Axis Bank has posted weak quarterly earnings primarily due to a spike in bad loans and rise in provisions that hurt its profits. India's third largest private lender by assets reported a net profit of Rs 432 crore in the September ended quarter.
On a quarter-on-quarter basis the private lender's net profit plunged 67 percent from Rs 1,306 crore in the quarter ended June, the company said in a filing on the BSE. This is the reason the lender largely missed analysts' estimates which had pegged net profit at Rs 1,318 crore.
On year-on-year bais, the lender's net profit jumped 36 percent from Rs 319 crore in the quarter ended September 2017, to Rs 432 crore in the same quarter in the financial year 2018.

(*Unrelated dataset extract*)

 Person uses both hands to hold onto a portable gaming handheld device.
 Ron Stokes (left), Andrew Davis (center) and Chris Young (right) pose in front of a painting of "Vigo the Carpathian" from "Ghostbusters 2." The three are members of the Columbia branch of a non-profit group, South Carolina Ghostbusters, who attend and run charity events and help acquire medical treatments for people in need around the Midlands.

The private bank's asset quality deteriorated as gross non-performing assets (NPAs) at the bank rose in the last nine quarters. For the quarter on review, gross NPAs rose to Rs 27,402 compared to Rs 22,031 crore at the June ended quarter, the company said in the statement.
As Axis Bank's stressed assets grew, provisions, money set aside by the bank as assets to pay for anticipated future losses, also increased to Rs 3140 crore during the quarter, from Rs 2342 crore in last quarter.
The bank said that the Reserve Bank of India (RBI) has pointed out certain reclassifications in the bank's asset classification and provisioning as on 31 March, subsequent to the annual Risk Based Supervision (RBS) exercise conducted for fiscal 2017.
"The bank has duly recorded the impact of such reclassifications in the results for the quarter ended 30th September 2017," it said.